Me gusta la gente que es cordial y afable, que se alegra de verte, que no te pregunta cómo estás sino que dice lo bien que te ve, que te ofrece siempre una sonrisa o un saludo; esas personas que te hacen hueco porque tú también existes y caminas junto a ellas, quienes te ofrecen la mano o un abrazo o un beso como parte de ellos porque sienten la necesidad de cercanía contigo.

Me gusta la gente amable, esa que te cede el paso con su auto o al entrar en un recinto, al subir al autobús o en la caja del supermercado; aquellos que no son impacientes con los mayores ni intolerantes con los pequeños, que a sabiendas de las dificultades siempre tratan de facilitar las cosas y encontrar una solución para sortear los obstáculos y los imprevistos que nos asaltan cada día. Aquellos que sin apenas conocerte te desean un lindo día, o te comentan lo bien que te sienta esa prenda o te animan con todo lo bueno que nos rodea. Sí, me encanta esa gente que pide las cosas por favor, que da las gracias siempre, que disculpa la ofensa y perdona el agravio.

Al cabo de la jornada me detengo y pienso en las muchas personas con las que tratamos, más o menos, por muchos motivos: ya sea en la cotidianeidad de las compras como el dependiente o el tendero, con clientes o compañeros de trabajo, con vecinos o conocidos, o accidentalmente como el cartero, el camarero o el empleado del banco. Y pienso en cuánta gente educada nos rodea, mientras observo a los doctores de la ingratitud y del engreimiento, a los catedráticos de la verdad absoluta, de la soberbia y la envidia. Cuántos destilan odio y rencor, o miran a otros por encima del hombro, sin dejarles hablar ni pensar. Cuánta arrogancia para quienes no tienen más manos ni piernas ni ojos que otros. Para quienes no pueden añadir ni un sólo segundo más a su existencia. Pienso en los que avasallan y gritan, en quienes imponen su voluntad, y en quienes -justo al contrario-- viven en la indolencia narcisista ajenos a toda realidad, por cercana o dura que resulte.
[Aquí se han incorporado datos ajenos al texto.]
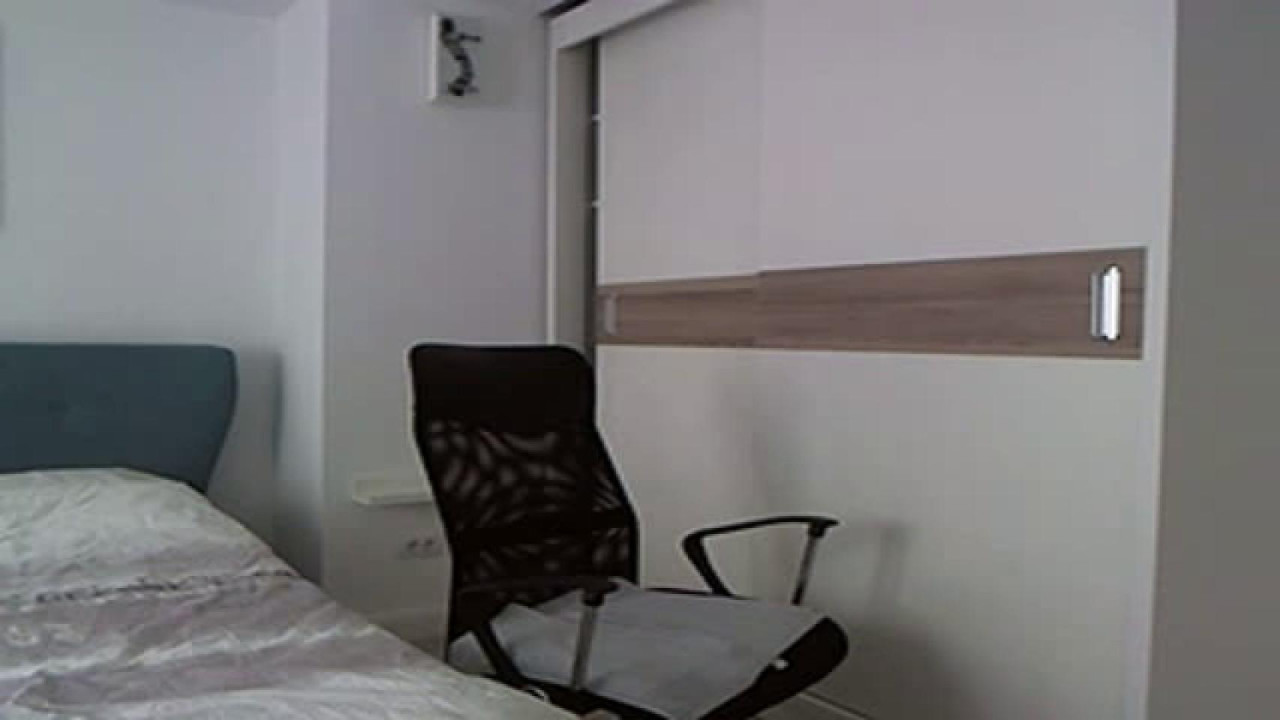 missspicy Lotion Webcam [2017/10/19 10:01:17]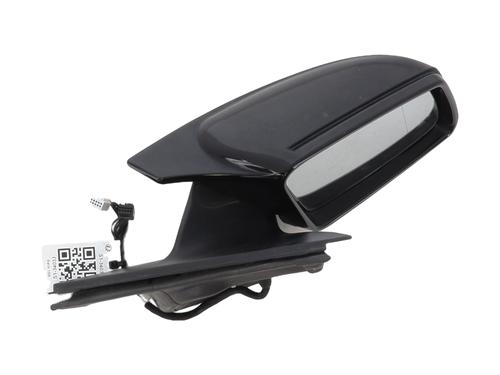 Used Right mirror Right mirror MERCEDES-BENZ C-CLASS Coupe (C204) [2011-2026] 33809342 33809342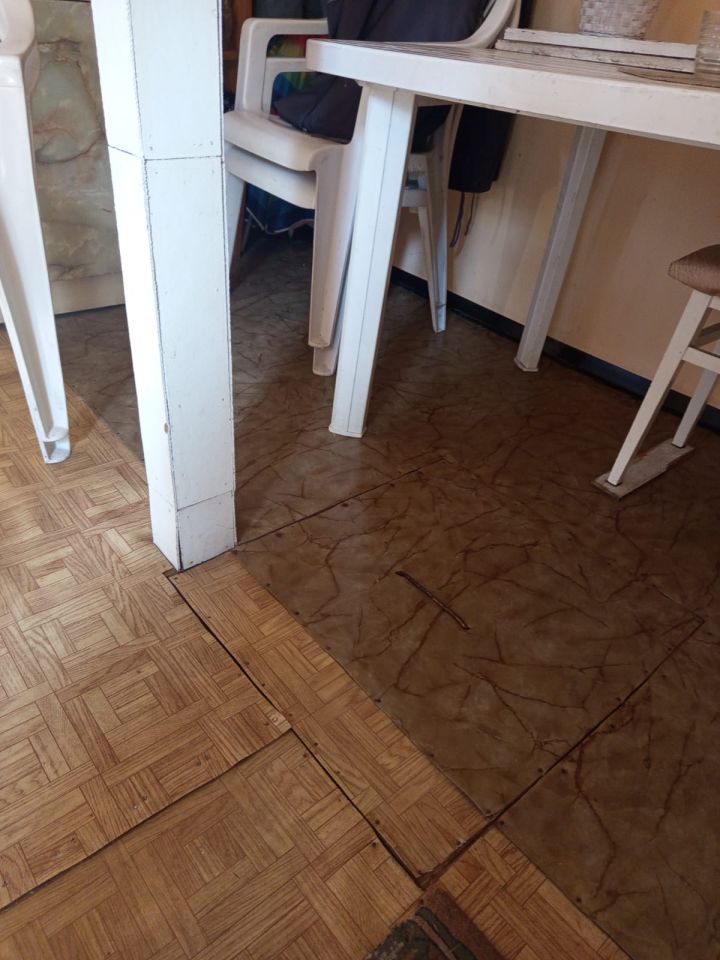 Działka rod Grudziądz Lotnisko, ul. Lotnicza. Zdjęcie 7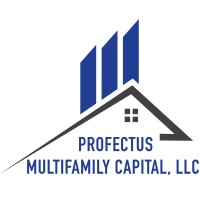 Profectus Multifamily Capital, LLC logo - Similar company to Lynco Properties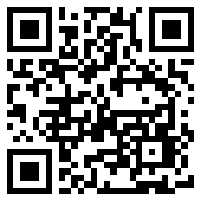 QR Code for 15EHUFiDnfA7sSpjXYz5QZvpbxPJjVUmLf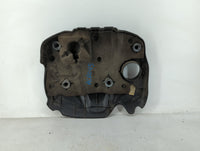 2011 Hyundai Sonata Engine Cover 431088 - Oemusedautoparts1.com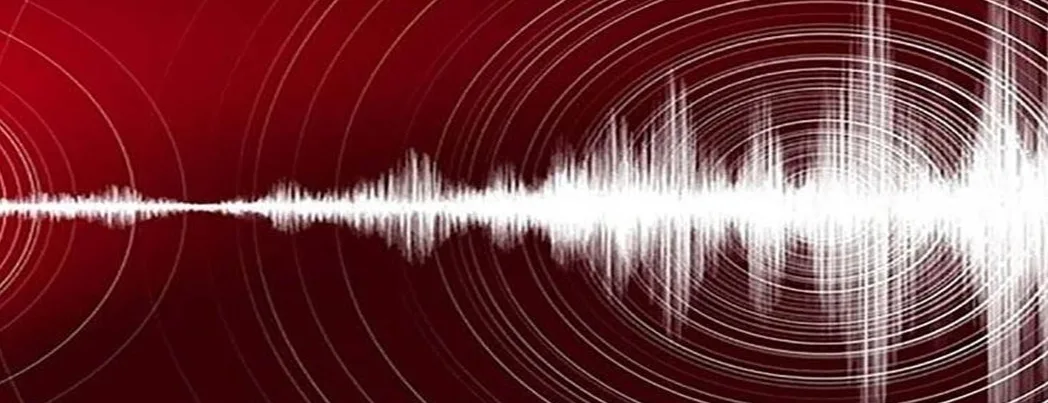 Radyo Denge´de, İzmir depremi konuşuldu (VİDEO)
Me gustaría dejar, en cada una de ellas, un gesto amable, una palabra cálida, una sonrisa sincera. Pienso cómo serían nuestras vidas y la convivencia de la sociedad si todos pusiéramos algo más de fraternidad a nuestro paso, algo más de amabilidad en nuestro trato y de calor en nuestros actos. El horizonte sería luminoso y nuestra existencia más llevadera. Deberíamos reivindicar que Naciones Unidas proclamara el Día Internacional de la Gente Educada, para que no se pierda la distinción entre exponer e imponer, entre coexistir y convivir, para enarbolar la bandera de las buenas formas que haga para todos una vida más amable sobre el planeta.